### [AIM OF THE EXERCISE]
Set down every entry exactly as it stands, omitting any picture.
***** INFORMATION
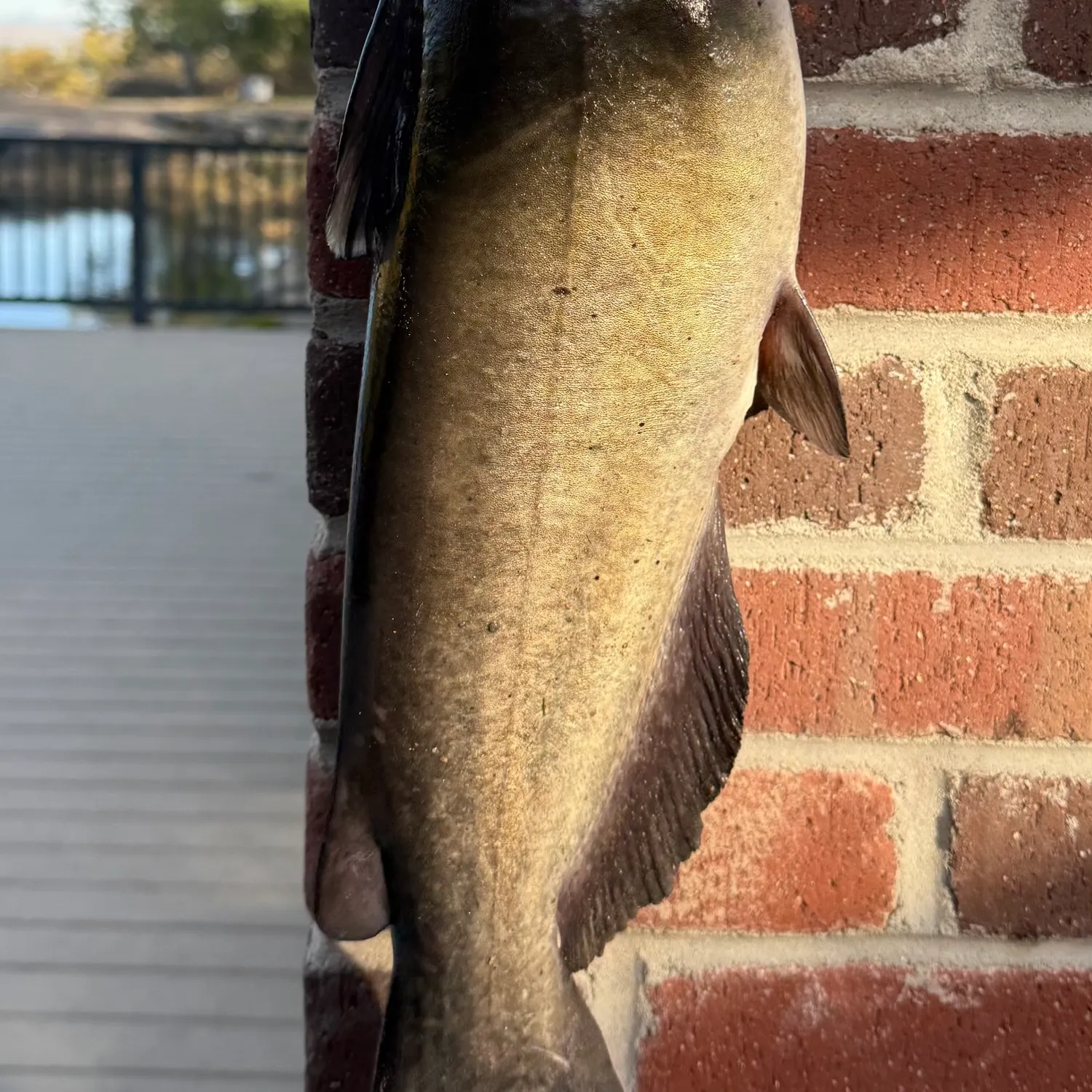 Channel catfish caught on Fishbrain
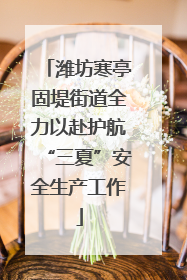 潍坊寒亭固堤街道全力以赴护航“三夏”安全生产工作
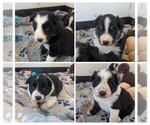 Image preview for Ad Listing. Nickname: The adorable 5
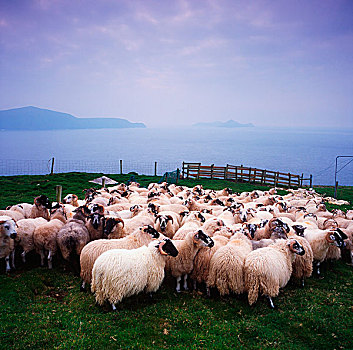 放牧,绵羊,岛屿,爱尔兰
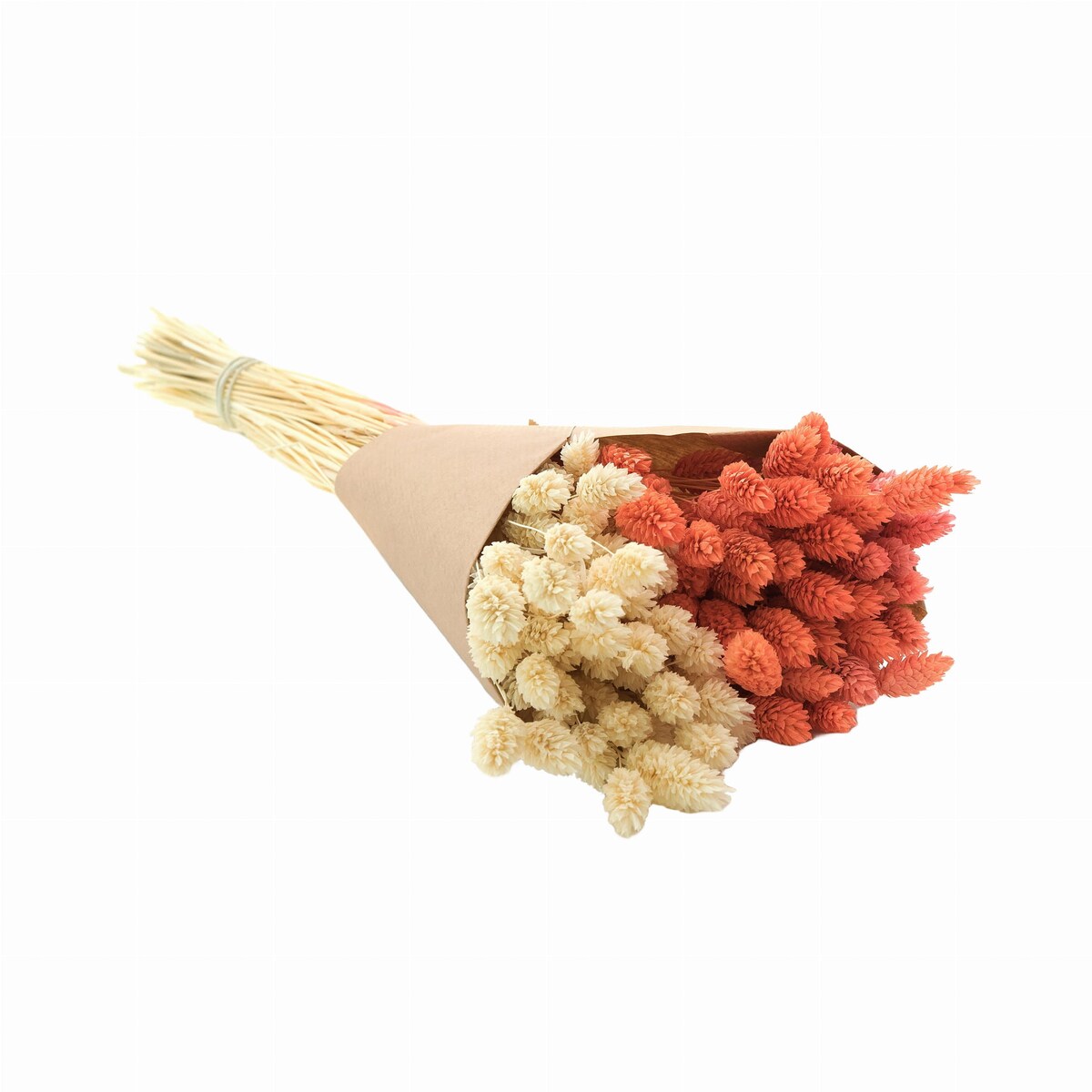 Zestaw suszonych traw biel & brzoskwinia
**********
### [RESPONSE FOR THIS EXERCISE]
 Channel catfish caught on Fishbrain
 潍坊寒亭固堤街道全力以赴护航“三夏”安全生产工作
 Image preview for Ad Listing. Nickname: The adorable 5
 放牧,绵羊,岛屿,爱尔兰
 Zestaw suszonych traw biel & brzoskwinia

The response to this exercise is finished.